Mientras ellos charlaban, Gabriela llevó a Daren al pequeño patio trasero. Necesitaba decirle lo que sucedía y los planes que tenía.
—Georgiev está muerto; yo lo maté.
—¿Qué dices?
—Era aliado de Viktoria y planeaba escapar. Da igual, era lo mejor. Pero sin él al mando, el país estará inestable, mucho más en situación de guerra.

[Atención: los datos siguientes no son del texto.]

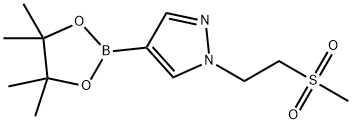 1-(2-(Methylsulfonyl)ethyl)-4-(4,4,5,5-tetramethyl-1,3,2-dioxaborolan-2-yl)-1H-pyrazole 구조식 이미지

—La vicepresidenta fue comunicada ya, ¿cierto?
—Así es, pero ella no sabe más de lo que sabrá todo el mundo dentro de pocas horas. Él murió por haber robado dinero del estado y planeaba huir al extranjero.
—¿Qué pasará luego?
—No quiero pelear nuevamente una guerra, nadie quiere, pero estamos ya en una, así que espero que los nuevos mandos tomen acciones efectivas. Algunas de las tropas del ejército nacional llegarán aquí en menos de media hora, las demás estarán en el resto del país, las zonas más conflictivas como Plovdiv.
—¿Y qué pasará contigo?
—¿Conmigo?
—No soy tonto, Gabriella. Huelo las heridas en tu cuerpo aun si nadie más puede hacerlo.
Ella sonrió levemente.
—Te eduqué demasiado bien, ¿no es así?
Daren gruñó molesto como respuesta.
—Descubrí que los infectados están utilizando las alcantarillas para llegar al centro de la ciudad. Aleksander lo sabe ya y ha mandado varios grupos a la zona. Yo fui mordida por un par de ellos.
Las serias facciones de Daren se matizaron bajo el patrón de la preocupación; sus cejas se ampliaron y sus ojos brillaron, su boca se mantuvo quieta, pero temblaba por abrirse.
—Fue un infectado común, viejo, y uno más joven. Así que ya sabrás lo que ello implica.
—Podrías..., quizás con la sangre de Azariel-
—No, Daren. No quiero mezclarme con algo que haya creado Viktoria, y no lo digo por tu chico, sino por ese recuerdo... Prefiero morir.
—Pero-
—No tienes que preocuparte por mí, Daren, sino por Azariel, porque sin importar lo que me pase, él está en más peligro que yo.